Location
- Tappahannock, Virginia United States 37°57′26.6″N 76°45′29.4″W﻿ / ﻿37.957389°N 76.758167°W

Information
- School type: Public school (government funded), Regional Magnet school
- Established: 1998
- Director: Rob Wright
- Grades: 10-12
- Campuses: Bowling Green, Virginia Glenns, Virginia Warsaw, Virginia
- Website: http://www.cbgs.k12.va.us/

= Chesapeake Bay Governor's School for Marine and Environmental Science =

High school in Virginia, United States

The Chesapeake Bay Governor's School for Marine Environmental Science (CBGS) is a public regional magnet high school. Its main building is located in Tappahannock, Virginia, directed by Dr. Rob Wright.

According to the main site, "The Chesapeake Bay Governor's School for Marine and Environmental Science provides a community of learners the opportunity to explore connections among the environment, math, science, and technology -- developing leaders who possess the research and technical skills, global perspective, and vision needed to address the challenges of a rapidly changing society."

==Participating school systems==

One of the 18 Virginia Governor's Schools, it draws students from 13 school districts divided among three sites:

===Bowling Green Site===
- Caroline
- King George
- King William

===Glenns Site===
- Middlesex
- King & Queen
- Gloucester
- Mathews
- New Kent

===Warsaw Site===
- Essex
- Lancaster
- Northumberland
- Richmond
- Westmoreland
- Colonial Beach

==Organization==
There are three sites linked to the Chesapeake Bay Governor's School: Bowling Green site, located at the Caroline County School Board building; Glenns site, located at Rappahannock Community College's Glenns campus; and Warsaw Site, also located at Rappahannock Community College's Warsaw campus.
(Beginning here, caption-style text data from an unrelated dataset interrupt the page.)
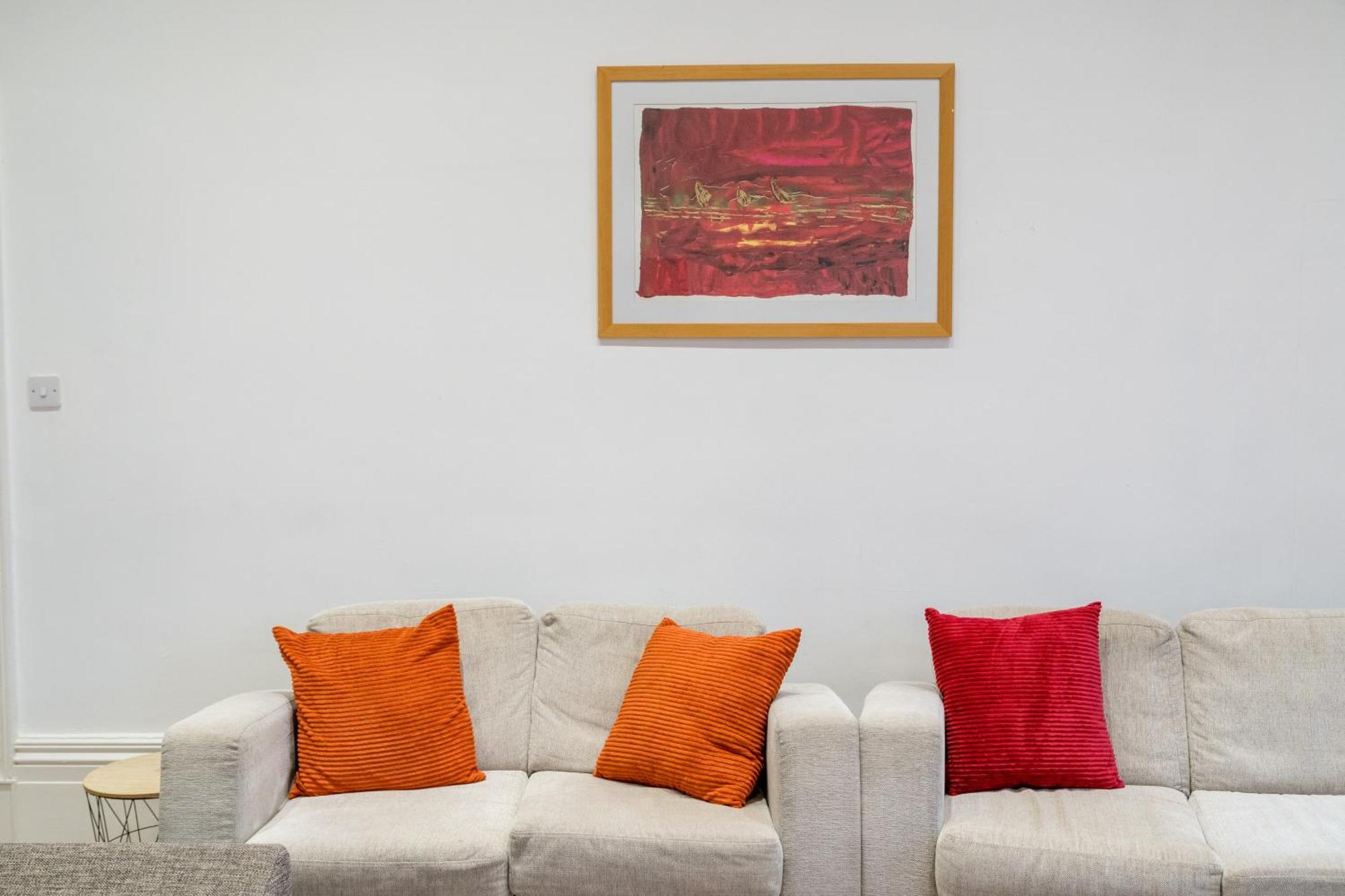 Spacious Canary Wharf Near 02 Arena, Excel Exhibition Centre, With Free Parking & Wifi * Londra
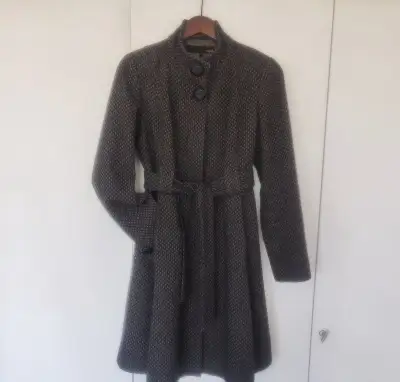 Dámský vlněný kabát se stojáčkem áčkový Next vel S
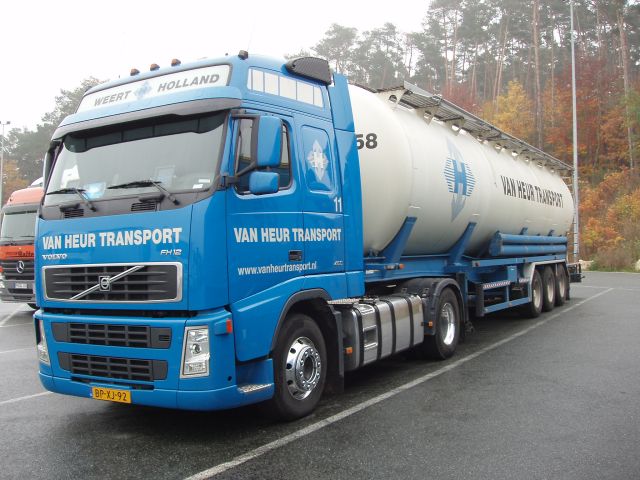 Volvo-FH12-460-vHeur-Holz-181105-01.jpg - Frank Holz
The sites generally remain separate, however there are occasional "all-site" days where students from all three sites are able to join collectively to perform an activity, often an educational field trip.

==Courses offered==
Students take a combination of the following courses:

===Sophomore Class===
- College Biology
- Algebra III
- Foundations of Science

===Junior Class===
- College Chemistry
- Pre-Calculus and Trigonometry
- Marine and Environmental Science I

===Senior Class===
- College Physics
- Marine and Environmental Science II
- Calculus

All courses meet and/or exceed the Standards of Learning requirements. In addition, students earn dual enrollment credits for each course through Rappahannock Community College.

==Community service==
To foster community improvement efforts, Governor's School students are encouraged to complete 120 hours of community service by graduation. School clubs frequently participate in neighborhood projects. All community service and credits must be completed by graduation to be recognized and to receive the Community Service Award.